Thursday, June 15, 2006

The Dilemma of Abortion

Dedicated to my lovely Maria.

I wouldn’t ordinarily raise the topic of abortion on this blog, except that it highlights one of the key strengths of the modern West: the ability to concretize into civil law the tension between perfection and imperfection, within the framework of the separation of Church and State.

I am not unreservedly praising the modern West’s consensus on abortion: it embodies many thorny problems, and in many ways touches on tragedy. But in this life, tragedy is not always avoidable, and as the ancient Greeks so wisely knew, it is not in abolishing tragedy that man finds happiness—if only because it is impossible to banish tragedy from the mystery of existence—but in his mature response to tragedy: happiness, in this life, always a relative balance, not a static condition.

What makes abortion complex is two features:

1) the human birth is a process of increasing humanity;

and

2) the infant seems at some point to be part of the mother’s body.

Both of these features complicate the issue of the rights of the infant in the politico-legal sense.

The modern West has, more or less, tentatively concluded that the radical approach to defining the human in utero—in the Catholic view, from the instant of the zygote—is an untenable and inflexible response to the mystery of human generation.

The hardcore anti-abortion activists are being logical—too logical. They pursue their logic to its extremist conclusion. They ignore the two particular mysteries noted above, which I will rephrase:

1) Human being is a paradoxical process.
Human being is not simply a static and unchangeably whole entity: it also seems to develop from being less human to being more human. Even the recognized human being, on one level, never seems to arrive at a state that is beyond process. As the philosopher Eric Voegelin noted, human being is unfinished (which is to say, imperfect). On the other hand, we shouldn’t fall into the error of slipping out of the paradox: human being is not merely process. Human being is, in fact, a paradox between and state and process. Neither side of this paradox should be ignored.
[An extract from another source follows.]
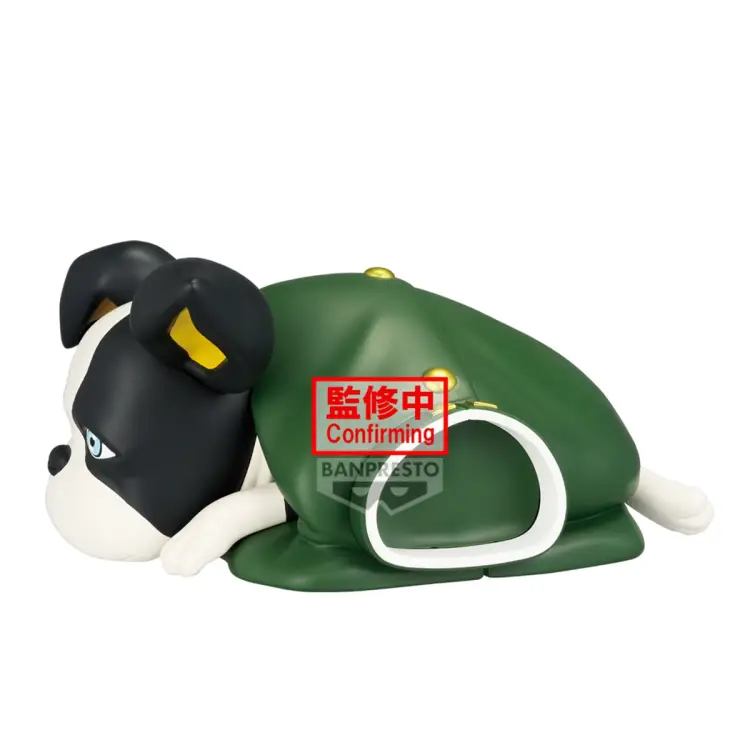 Banpresto - JOJO PART 3 - Iggy - Figure Sofvimates 8cm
Hardcore anti-abortion activists tend to ignore the process aspect of human being; hardcore pro-choice activists, in their turn, tend to ignore the state aspect of human being (and in so doing, their anthropology becomes uncomfortably contiguous with those that could define who is human, and who is not human, at the whim of an ideology). The truth is somewhere in-between, and the truth is not a hard, cold fact, but rather a paradoxical mystery that in the infirmity of our human understanding in this life, we can only imperfectly illuminate.

2) Human being begins as part of the mother’s nature.

The embryonic human being seems to go through a period where its nature is mysteriously implicated with the nature of the mother. However, as we noted above, the radical anthropology most famously articulated by Catholic doctrine pushes the opposite logic to the extreme, and maintains a whole human nature for the embryonic human as ontologically distinct and ethically independent of the mother from the instant of the zygote. This kind of logic, we conclude, is a willfully obsessive attempt to control the disturbing and imperfect mystery of existence—with good motives, to be sure.
In closing, I would reiterate that the tentative consensus on abortion reached by modern Western polities is the best response, not a perfect response: it is the only workable response for a civilization committed to the secular separation of Church and State.

The reader will see in a later posting on this blog how the ‘separation’ of Church and State is really more of a tension—sort of like the tension one sees in keeping a magnet apart from metal. In the secular paradigm, the goal is not to separate the magnet (Church) from the metal (State) completely, by moving them so far apart they become utterly disconnected. Nor is the goal to simply let them collapse together into a unit. The goal is to keep only a certain amount of distance between them, in the interest of cultivating a magnetic energy, where each side may be respected and both may beneficially influence one another. The realization of this goal is always dynamic, never static, and as such, is always an imperfect process, never a perfect state.

In terms of this goal, the modern Western consensus on abortion is, on the whole, the best compromise, finding the magnetic balance somewhere between collapsing the tension into theocracy, or sundering the tension apart into two unrelated spheres of action—which could result either in civil war between religious people and atheists, or a devolution into Godless barbarism on the part of the State, or both.